Published in Sinclair User #46

Robin Of Sherlock

Well, here it is... the next delightfully demented offering from the fervid and fertile imaginings of Fergus McNeill and Co, only begetters of the already justly infamous Bored of the Rings.

First take Sherlock Holmes, dress him in Lincoln green and plonk him down in Sherwood forest with a cordless phone, a plastic bow and a long dark sword called Albino. Then take liberal helpings of stubble-chinned transvestite nuns, mafiosi Smurphs, Merry Men, the Three Bears in a hanging mood, the Wizard of Oz and assorted cabbies and villains... not forgetting Hurn the Hunter whose major interest is collecting sheds and stuff to go in them. Now throw in a lot of trees, a railway station and a few public conveniences, a Kentucky Fried Squirrel franchise and the odd mystical hill and Druids' Circle. Et voila! You now have a rough idea of the recipe for Robin of Sherlock, the latest Quilled adventure from Delta Four.

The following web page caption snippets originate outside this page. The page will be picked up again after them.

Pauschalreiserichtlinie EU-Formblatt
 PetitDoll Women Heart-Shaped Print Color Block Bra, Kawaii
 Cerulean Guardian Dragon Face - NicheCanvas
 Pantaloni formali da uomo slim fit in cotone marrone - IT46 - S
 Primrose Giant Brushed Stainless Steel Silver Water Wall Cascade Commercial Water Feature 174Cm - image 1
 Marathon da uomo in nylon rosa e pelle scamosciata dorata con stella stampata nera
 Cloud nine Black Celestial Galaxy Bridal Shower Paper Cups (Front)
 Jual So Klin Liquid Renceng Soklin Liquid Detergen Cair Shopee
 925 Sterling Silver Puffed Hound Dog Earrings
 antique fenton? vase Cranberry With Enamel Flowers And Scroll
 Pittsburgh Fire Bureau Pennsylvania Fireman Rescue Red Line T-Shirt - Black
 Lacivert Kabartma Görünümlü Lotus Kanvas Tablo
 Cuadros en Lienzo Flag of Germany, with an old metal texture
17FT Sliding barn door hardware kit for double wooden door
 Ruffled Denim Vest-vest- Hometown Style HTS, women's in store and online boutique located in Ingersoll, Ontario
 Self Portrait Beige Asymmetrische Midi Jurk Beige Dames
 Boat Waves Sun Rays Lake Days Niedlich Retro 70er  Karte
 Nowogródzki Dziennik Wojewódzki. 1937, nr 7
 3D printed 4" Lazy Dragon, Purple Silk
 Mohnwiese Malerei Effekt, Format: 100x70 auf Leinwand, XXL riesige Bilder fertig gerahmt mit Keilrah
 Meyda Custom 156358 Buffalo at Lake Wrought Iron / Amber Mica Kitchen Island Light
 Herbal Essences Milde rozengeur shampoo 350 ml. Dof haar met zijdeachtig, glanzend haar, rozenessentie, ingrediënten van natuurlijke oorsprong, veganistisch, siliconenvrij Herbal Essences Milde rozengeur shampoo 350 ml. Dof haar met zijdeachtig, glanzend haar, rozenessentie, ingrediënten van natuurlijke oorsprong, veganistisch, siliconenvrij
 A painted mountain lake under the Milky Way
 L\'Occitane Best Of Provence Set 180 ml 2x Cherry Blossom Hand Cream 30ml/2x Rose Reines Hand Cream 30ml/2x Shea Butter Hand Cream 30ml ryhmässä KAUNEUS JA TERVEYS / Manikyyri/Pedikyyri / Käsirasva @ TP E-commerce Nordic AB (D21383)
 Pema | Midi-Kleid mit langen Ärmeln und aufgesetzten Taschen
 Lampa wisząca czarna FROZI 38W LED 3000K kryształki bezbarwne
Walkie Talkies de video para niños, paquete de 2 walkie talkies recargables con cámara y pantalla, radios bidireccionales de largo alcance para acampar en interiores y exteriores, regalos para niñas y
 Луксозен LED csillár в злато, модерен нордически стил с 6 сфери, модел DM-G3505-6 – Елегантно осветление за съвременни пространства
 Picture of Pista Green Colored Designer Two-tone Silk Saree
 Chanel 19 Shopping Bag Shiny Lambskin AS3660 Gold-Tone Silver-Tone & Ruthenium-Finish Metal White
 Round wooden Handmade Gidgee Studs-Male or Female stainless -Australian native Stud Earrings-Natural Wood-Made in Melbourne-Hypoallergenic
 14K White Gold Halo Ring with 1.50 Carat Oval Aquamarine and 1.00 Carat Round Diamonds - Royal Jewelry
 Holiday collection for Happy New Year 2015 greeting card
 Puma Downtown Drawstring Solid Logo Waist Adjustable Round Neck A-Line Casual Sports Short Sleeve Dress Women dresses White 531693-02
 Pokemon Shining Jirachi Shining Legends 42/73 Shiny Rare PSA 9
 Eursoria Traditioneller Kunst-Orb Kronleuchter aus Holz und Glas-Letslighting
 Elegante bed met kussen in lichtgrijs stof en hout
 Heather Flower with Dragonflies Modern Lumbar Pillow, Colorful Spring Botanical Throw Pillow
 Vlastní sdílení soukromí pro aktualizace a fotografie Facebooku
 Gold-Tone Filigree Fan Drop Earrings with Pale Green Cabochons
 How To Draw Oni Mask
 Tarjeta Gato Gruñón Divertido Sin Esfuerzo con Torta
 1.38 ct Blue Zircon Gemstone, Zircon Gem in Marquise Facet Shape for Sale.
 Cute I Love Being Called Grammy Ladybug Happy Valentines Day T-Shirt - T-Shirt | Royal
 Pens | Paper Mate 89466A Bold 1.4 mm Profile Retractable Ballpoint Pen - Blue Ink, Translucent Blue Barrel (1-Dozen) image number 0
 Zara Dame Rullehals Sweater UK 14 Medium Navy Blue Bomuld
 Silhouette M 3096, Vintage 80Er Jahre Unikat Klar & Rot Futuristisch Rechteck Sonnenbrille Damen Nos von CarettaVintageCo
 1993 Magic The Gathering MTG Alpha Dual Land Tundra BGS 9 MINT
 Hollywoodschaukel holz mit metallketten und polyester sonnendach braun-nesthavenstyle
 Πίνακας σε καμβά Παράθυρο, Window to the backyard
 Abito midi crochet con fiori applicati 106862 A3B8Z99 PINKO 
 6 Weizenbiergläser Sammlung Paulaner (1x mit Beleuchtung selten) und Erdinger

The game uses the full resources of Gilsoft's adventure system and features newer, faster, split-screen graphics for a large number of locations, sound effects... the damn phone keeps ringing, either with wrong numbers or Lestrade's mother hurling abuse... and the useful RAMsave and RAMload to store a position without using the tape recorder. Input and response are fast and friendly with a wealth of zany detail.

What's it all about? it's hard to find a place to start! Being a medieval freedom-fighting detective is a tough number. There are numerous crimes to solve... who killed dead Watson, who kidnapped Toto from the venomous brat Dorothy, why are the nuns running some heavy racket involving recycled Smurphs sold as garden gnomes, and who nicked the cabbies' hansom?

Then again what does the Godfather Smurph do behind his protective screen of minders, and why does Hurn rip off people's gear and store it in vast garden sheds scattered around Sherwood? Phew, and that's only a starter. Oh, and who put the laxative in the Three Bears' porridge? That's quite an easy one really because you arrive at their cottage to find them putting up a gallows to lynch Goldilox.

The characters can be interrogated and will all have some crummy alibi or excuse for their actions. The descriptions are funny - hilarious at times - and the examine command produces a vast amount of daft detail. As in Bored you can carry enormous quantities of objects, most of them utterly improbable but useful at some point. If you remember to collect the Kentucky Fried Squrrel barf-bag hat from the restaurant in part one you may find it very useful when trying to enter Nottingham Castle. But what can I do with the electric carving knife and can I use the 'mystic, ancient and out of order coffee machine set into a great sausage shaped obelisk' inside the stone circle?

The game is in three parts, each continuing the map of Sherwood and its surroundings. That means more than 200 locations to explore and vast swathes of text to enjoy. Robin of Sherlock seems much more detailed than Bored and really benefits from the recent improvements to the Quill system. There is always something to explore, plenty of crazed action - watch portly Friar Gorbachetnik explode after his 31st venisonburger - and the game is thoroughly playable and engaging.

I am utterly unashamed about awarding this game a Classic rating. It is knockabout, loopy farce of the best kind with a pace and zip about it that leaves 90 per cent of other games miles behind. Absolutely smashing!